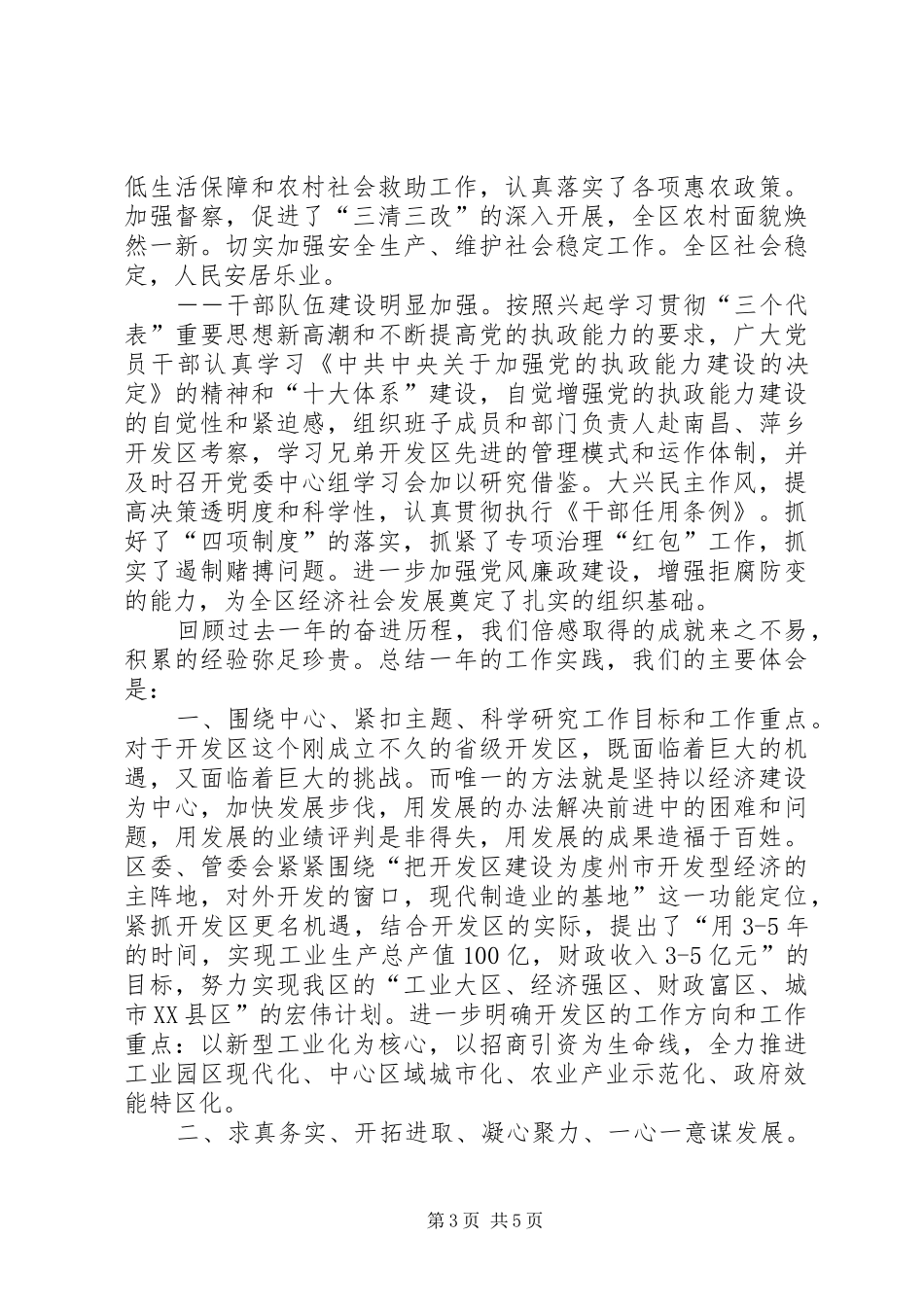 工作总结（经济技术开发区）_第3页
---
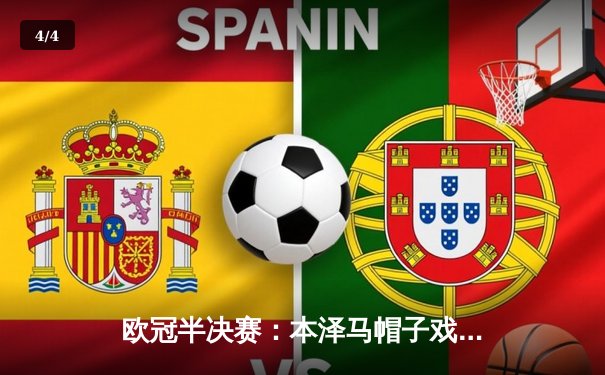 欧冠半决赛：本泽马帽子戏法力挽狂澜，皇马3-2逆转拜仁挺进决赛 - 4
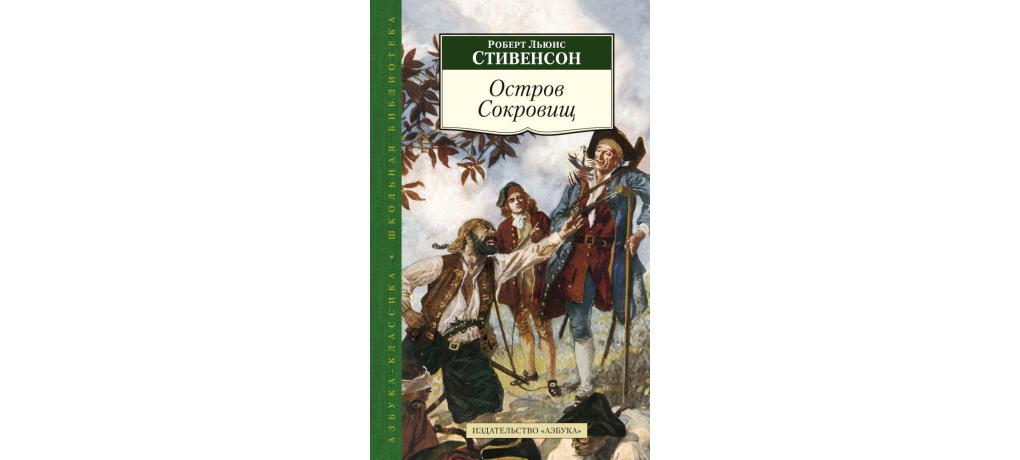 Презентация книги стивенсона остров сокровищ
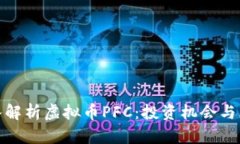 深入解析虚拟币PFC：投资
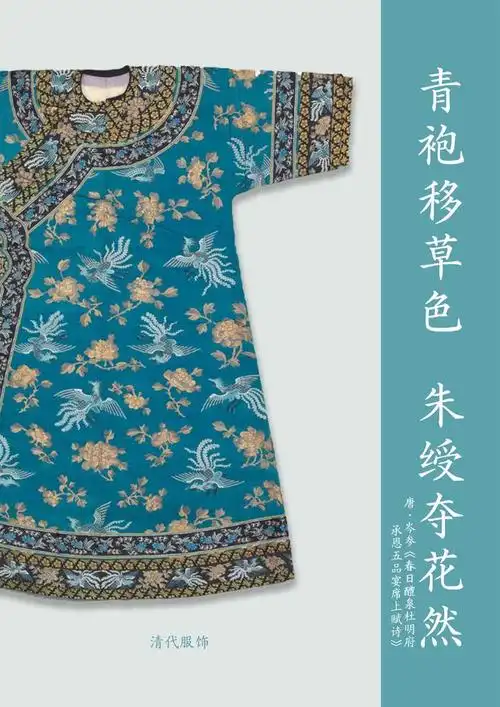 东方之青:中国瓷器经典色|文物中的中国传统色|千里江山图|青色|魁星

→ **TASK OBJECTIVE**
Leave the pictures out. Output, exactly, the lines of the material above starting at the line containing "Презентация книги стивенсона остров сокровищ" and ending at the line containing "东方之青:中国瓷器经典色|文物中的中国传统色|千里江山图|青色|魁星".

→ **YOUR SOLUTION**
 Презентация книги стивенсона остров сокровищ
 深入解析虚拟币PFC：投资
 东方之青:中国瓷器经典色|文物中的中国传统色|千里江山图|青色|魁星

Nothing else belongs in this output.